Uma gravura de época que mostra o famoso teatro de Shakespeare
No século XVII, qualquer incêndio podia transformar-se numa grande tragédia, tanto que em 1666, um terço da cidade foi destruída pelo fogo. As ruas eram estreitas, herança da transformação urbana acelerada a partir do século XIII, quando Londres virou capital do reino. A técnica contra incêndios era muito prosaica: eram usados baldes d`água e, quando não funcionavam, era providenciada a derrubada das construções contíguas para impedir o espraiamento do fogo. Só que a decisão de derrubar casas dependia de uma autorização do prefeito da cidade, que analisava empiricamente os ventos e a umidade do ar e das casas. Risco completo.

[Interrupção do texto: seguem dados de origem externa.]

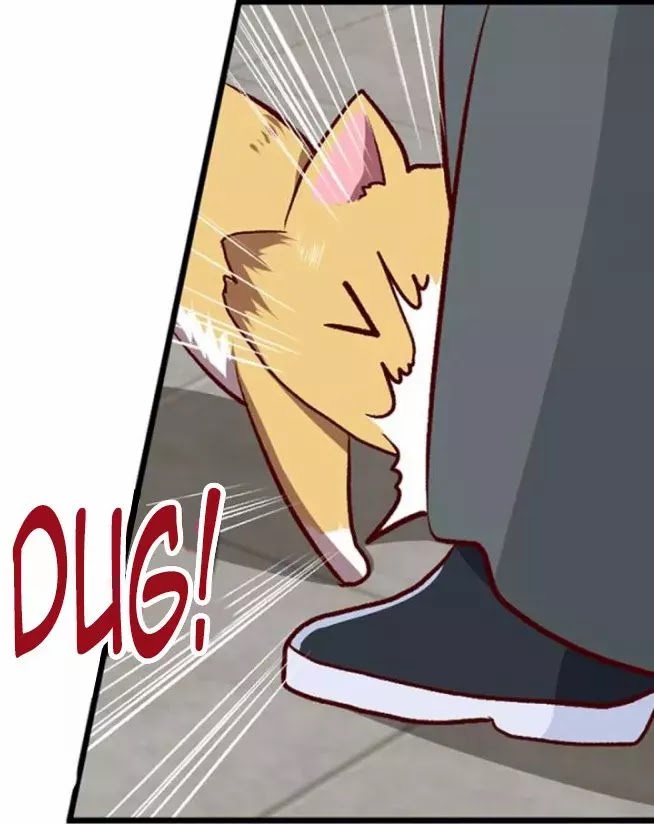 Rebirth Become a Dog Bab 03 halaman 5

A pintura acima é de autor desconhecido. As chamas que consumiram Londres em 1666 podiam ser vistas a 60 km de distância.
A indecisão para se fazerem as derrubadas era compreensível diante de seus custos, tanto de demolição quanto de reconstrução. No grande incêndio de 1666, houve demasiada hesitação e, quando as demolições foram autorizadas, grande parte da cidade já estava em chamas. Então os imóveis passaram a ser simplesmente explodidos, o que criou outros focos de fogo. Também não se sabia o número de vítimas dos sinistros pelo simples fato de que os não nobres não eram registrados. Do ponto de vista do estado, sumia gente que não existia. No grande Incêndio foram destruídas, pelo fogo e pela ação humana, 13.200 casas e uma área de 1,7 km²
Antes do incêndio, nos quase 15 anos em que esteve ativo, o Globe foi um estrondoso sucesso. No século XVI, as companhias de teatro apresentavam-se em locais improvisados, geralmente em bares ou na rua. Em 1576, James Burbage construiu o The Theater, primeira casa do gênero do país. Em 1581, Shakespeare juntou-se a Burbage escrevendo peças e trabalhando como ator. Apesar da casa sempre lotada, sobrevieram problemas financeiros e a casa acabou fechada. A curiosidade é que o Globe foi construído com a madeira do desmonte do The Theater. Do mesmo modo que o Theater, o Globe vivia com a casa cheia e as peças apresentadas eram normalmente de seu famoso sócio.
O atual Globe
Então, no dia 29 de junho de 1613, o Globe incendiou durante uma performance de Henrique VIII. Um canhão de luz pegou fogo, inflamando as vigas de madeira. De acordo com os poucos documentos existentes, ninguém ficou ferido, exceto um homem que perdeu as calças, tendo sido apagadas com cerveja por seus amigos. Era o que estava à mão. As peças teatrais, naquela época, recebiam um povo ruidoso e festivo, que vibrava com as cenas, vaiava os vilões e assobiava, desejando ou não as seduções . Não havia estatuto que impedisse o uso do álcool.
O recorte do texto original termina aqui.